How to sleep: The FIVE unlikely ways to trick yourself into nodding off FAST

How to fall asleep is a question the majority of us will ask during an unwelcome bout of 3am insomnia at some point in our lives. 

You're right to be frustrated - not enough kip will not only leave you feeling exhausted the next day, but put your health at risk too.

“Sleep is important for your health as it gives your body time to recharge its batteries and repair cells,” said Dr Marilyn Glenville, a nutritionist and author of The Natural Health Bible for Women. 

“When you don’t get enough or good quality sleep you can feel irritable, with poor concentration, tired and more vulnerable to infections as your body does not have the strength to fight its own battles.”

Additionally, it could be the reason for greater festive weight gain.

“Research has shown that sleep deprivation is associated with an increase in appetite,” explained Lily Soutter, resident nutritionist for high-tech mattress brand Simba.

“A study by King’s College London found that it causes us to consume 385 calories more per day than those who slept longer.” 

But how can you ensure you achieve the National Sleep Foundation’s recommended seven to nine hours for between 26 and 64 years? Try these five unlikely ways.

Recall your favourite place

Forget counting sheep, because picturing your favourite location in the world - whether stunning waterfall or picturesque local park - may be the trick to falling asleep pronto.

A study by Oxford University found that when participants, who suffered from insomnia, imagined a relaxing scene, they fell asleep 20 minutes faster than those told to count sheep or do nothing.

It is thought that recalling your happy place could distract you from thoughts and worries that may be keeping you up.

Have some honey before bed

One of the reasons you jolt awake in the middle of the night could be because you don’t have enough glycogen in your system, according to experts.

You can combat this by taking some honey before bed - it contains natural sugars which boost glycogen stores in the liver.
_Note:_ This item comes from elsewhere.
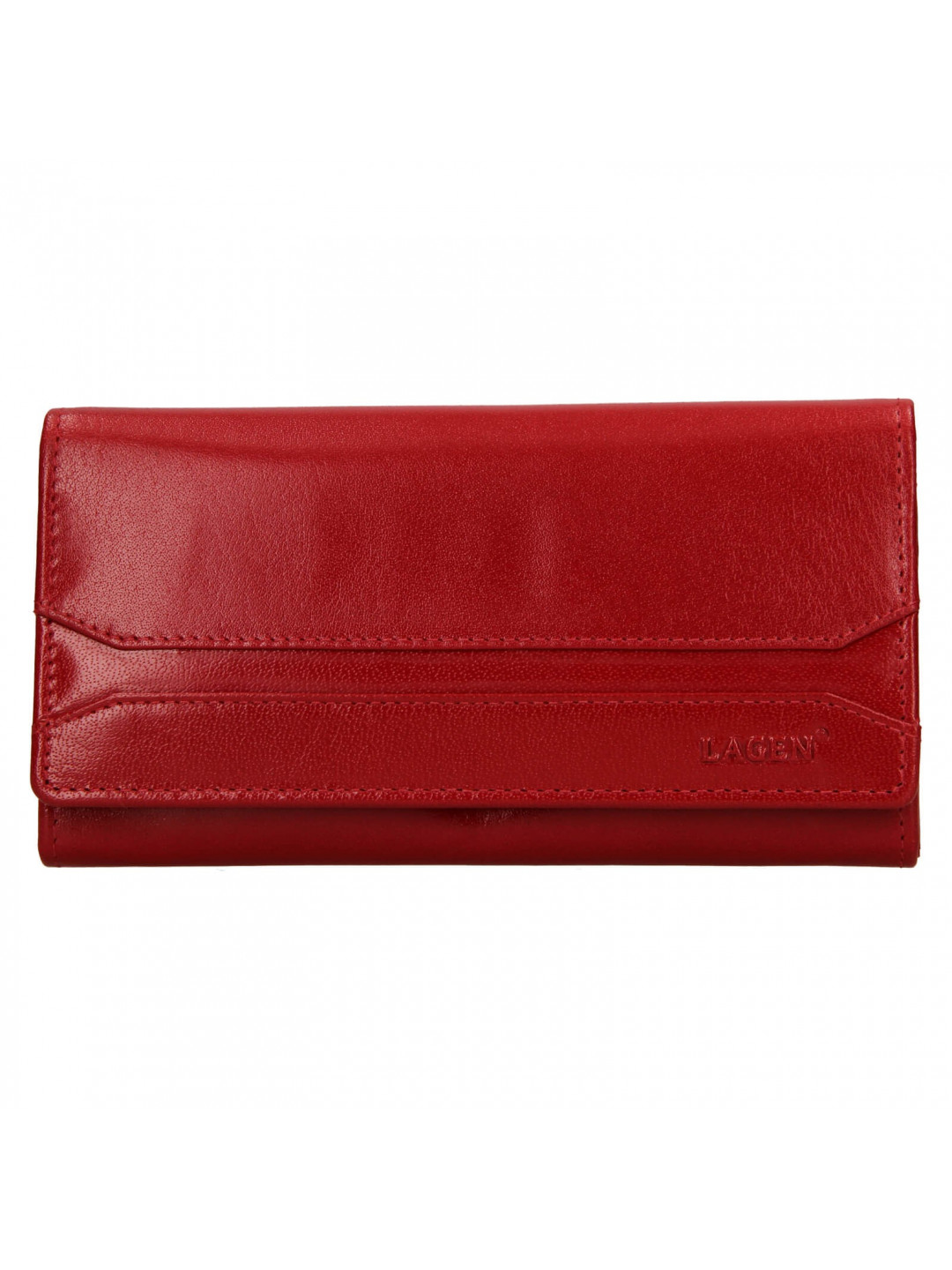 Dámská peněženka Lagen Marions – červená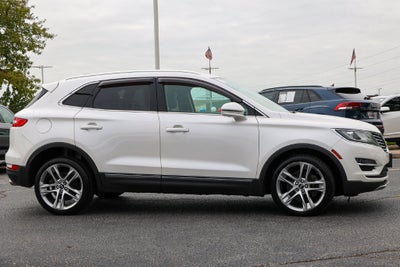 2015 Lincoln MKC Base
“To carry out its essential overnight repairs and cell rejuvenation, your body uses energy in the form of glycogen which is stored in the liver,” explained Dr Roger Henderson.

“During the night, these glycogen stores get depleted at a rate of 10g per hour, of which 65 per cent is used by the brain.

“If this energy supply runs out, the liver send stress signals to the brain in the form of the hormone cortisol, alerting it to wake up until sufficient levels are restored. 

The sweet, sleep-inducing ingredient can be found alongside Sustamine - a combination of amino acids - and vitamin B6 in the supplement Benenox Overnight Recharge.

Taking vitamin D and magnesium supplements can also help.

Try to stay awake

It might seem counter-intuitive, but research has shown forcing yourself to stay up could remove the sleep anxiety that normally prevents you from nodding off.

A study by the University of Glasgow investigated what would happen when a group of insomniacs were instructed to stay awake in bed. 

They discovered they fell asleep much faster than another group who weren’t told to stay awake.

Eat turkey

While it is easy to dread the copious amounts of turkey you are likely to consume in the next month, the meat could actually help you recharge over the Christmas break.

The festive staple contains tryptophan, an amino acid, which is thought to help cause drowsiness by producing the neurotransmitter serotonin.

A study by the University of Pennsylvania found that serotonin caused slow-wave sleep in non-human mammals, and scientists believe it may do the same in us.

Turn down the heating 

With the cold snap and snow set to continue through December, don’t be tempted to crank up the heating too much.

Not only could it prove deadly, an overly warm bedroom may prevent you from sleeping right through the night.

Your internal body temperature is linked to your body clock, meaning that if you are too hot you could wake up.

Research by Harvard Medical School discovered that your body heat naturally drops in order to help you drop off, and a study by the University of Pittsburgh revealed that yawning helps your brain get rid of some heat.

Additionally, recent research has suggested that sleeping naked with just your duvet could help your body regulate its temperature better.